■ Task objective ■
Copy the data below exactly. Any pictures in it should be omitted.

■ Recorded data ■
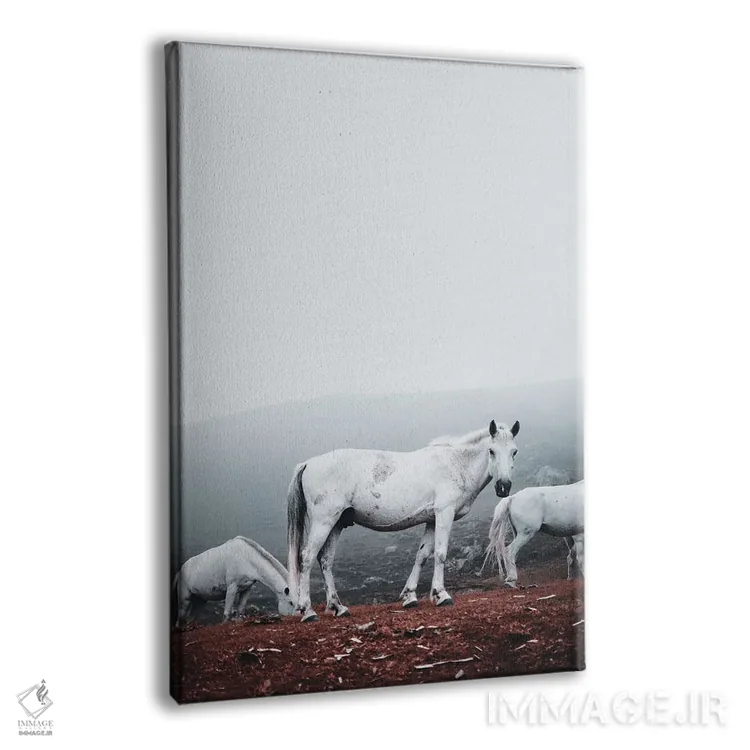 تابلو دکوراتیو اسب های سفید وحشی اثر کارن منداو - نمای پرسپکتیو محصول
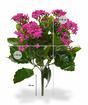 Kunstpflanze Kalanchoa rosa 30 cm pink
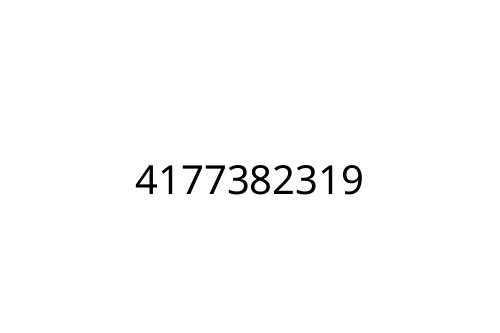 4177382319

■ Response ■
 تابلو دکوراتیو اسب های سفید وحشی اثر کارن منداو - نمای پرسپکتیو محصول
 Kunstpflanze Kalanchoa rosa 30 cm pink
 4177382319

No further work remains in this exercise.